Alfonso Sanz

Personal information
- Full name: Alfonso Sanz Jorge
- Date of birth: 18 January 1915
- Place of birth: Madrid, Spain
- Date of death: 25 July 2001 (aged 86)
- Place of death: Spain
- Position: Forward

Senior career*
- Years: Team / Apps / (Gls)
- 1932–1933: Athletic Bilbao
- 1933–1936: Nacional de Madrid
- 1940–1943: Real Madrid / 9 / (4)
- 1944–1945: Ceuta
- 1945–1947: Ferroviaria
- Total:  / 9 / (4)

= Alfonso Sanz =

Spanish footballer (1915-2001)

Alfonso Sanz Jorge (18 January 1915 – 25 July 2001) was a Spanish footballer who played as a forward for Real Madrid.

==Playing career==
Alfonso Sanz was born on 18 January 1915 in Madrid, but it was in Bilbao where he began his football career, joining the ranks of Athletic Bilbao in 1932, aged 17, with whom he only played a single match, a friendly against Erandio Club on 4 September 1932, which ended in a 0–4 loss. At the end of the season, he returned to the capital, where he joined the ranks of second division team Nacional de Madrid, with whom he played for three years, until 1936, when the Spanish Civil War broke out.

Once the conflict was over, Sanz was signed by Real Madrid, whose squad was still recovering from the Civil War, and in only his second league match for the club, he netted a first-half brace against Valencia. He went on to score a goal in each of his next two appearances, a 3–0 victory over Hércules and a consolation goal in a 1–4 loss to Athletic Aviación. He played with the Merengue club for three years, scoring a total of five goals in 11 official matches, including 4 goals in 9 La Liga matches.

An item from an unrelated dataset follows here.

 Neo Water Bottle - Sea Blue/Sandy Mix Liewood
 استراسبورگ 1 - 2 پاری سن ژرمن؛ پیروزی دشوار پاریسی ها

After a brief stint at Ceuta in the 1944–45 season, Sanz once again returned to the capital, this time to Ferroviaria, which he helped win back-to-back Spanish Amateur Championship in 1946 and 1947, beating Mestalla (3–2) and Indautxu (2–0) in the final, respectively.

==Death==
Sanz died on 25 July 2001, at the age of 86.